The character stays fixed in space while his/he consciousness moves freely in time: in the character’s mind, however, everything happens in the present, which can extend to infinity or contract to a moment. This concept of “inner time”, which is irregular and disrupted with respect to the conventional conception of time, is preferred to “external time”, since it shows the relativism of a subjective experience. The character’s thoughts flow freely, not interrupted by external events. The work by Joyce Finnegans Wake (1939) presents the technique of the extreme interior monologue as the narration takes place inside the mind of the main character, while he is dreaming. Distinct words, sometimes foreign, and free associations are fused to create new expressions, with references to all areas of human experience.

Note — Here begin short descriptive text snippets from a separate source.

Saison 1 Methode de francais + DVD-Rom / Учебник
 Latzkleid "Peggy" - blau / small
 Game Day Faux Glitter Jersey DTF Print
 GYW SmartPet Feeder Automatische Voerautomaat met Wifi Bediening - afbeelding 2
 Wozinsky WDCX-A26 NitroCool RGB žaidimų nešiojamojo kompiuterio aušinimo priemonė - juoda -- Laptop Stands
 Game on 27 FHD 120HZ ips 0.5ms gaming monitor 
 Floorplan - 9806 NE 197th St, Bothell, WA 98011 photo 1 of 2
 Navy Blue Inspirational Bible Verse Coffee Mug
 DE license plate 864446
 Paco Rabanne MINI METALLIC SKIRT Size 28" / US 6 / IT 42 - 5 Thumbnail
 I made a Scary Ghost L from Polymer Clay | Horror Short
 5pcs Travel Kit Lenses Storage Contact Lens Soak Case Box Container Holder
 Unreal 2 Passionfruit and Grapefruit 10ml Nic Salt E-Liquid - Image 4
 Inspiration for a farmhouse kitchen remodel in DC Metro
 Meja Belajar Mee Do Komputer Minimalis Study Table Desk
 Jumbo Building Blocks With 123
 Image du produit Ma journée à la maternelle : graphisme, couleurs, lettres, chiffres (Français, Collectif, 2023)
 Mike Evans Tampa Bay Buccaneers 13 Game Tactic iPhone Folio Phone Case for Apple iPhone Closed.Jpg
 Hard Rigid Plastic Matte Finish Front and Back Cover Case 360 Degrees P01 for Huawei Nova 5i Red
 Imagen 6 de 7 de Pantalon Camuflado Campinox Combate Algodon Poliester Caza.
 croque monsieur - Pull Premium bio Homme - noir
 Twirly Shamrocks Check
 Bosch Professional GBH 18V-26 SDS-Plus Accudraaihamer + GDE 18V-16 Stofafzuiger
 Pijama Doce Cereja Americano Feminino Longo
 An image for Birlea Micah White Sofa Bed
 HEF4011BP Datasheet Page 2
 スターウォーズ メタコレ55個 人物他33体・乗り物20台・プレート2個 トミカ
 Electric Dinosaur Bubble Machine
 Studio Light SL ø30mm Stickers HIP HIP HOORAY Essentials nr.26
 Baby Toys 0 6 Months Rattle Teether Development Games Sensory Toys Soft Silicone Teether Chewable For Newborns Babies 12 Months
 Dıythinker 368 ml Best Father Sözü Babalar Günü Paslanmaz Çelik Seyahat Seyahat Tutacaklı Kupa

It is possible to distinguish at least three groups of novelists among the innovators of the first decades of the previous century.
The first group consists of the psychological novelists who concentrated their attention on the development of the character’s mind and on human relationships. One of the most important is Joseph Conrad, whose novels try to go beyond the surface of external phenomena in order to record the mystery of human experience.
The second group includes the Modernist novelists, who chose subjective narrative techniques, exploring the mind of one or more characters, like James Joyce and Virginia Woolf.
The social and political problems of the Thirties forced the writers’ attention back to the society around them. An example is given by George Orwell who attacked totalitarianism and the ideals of scientific progress.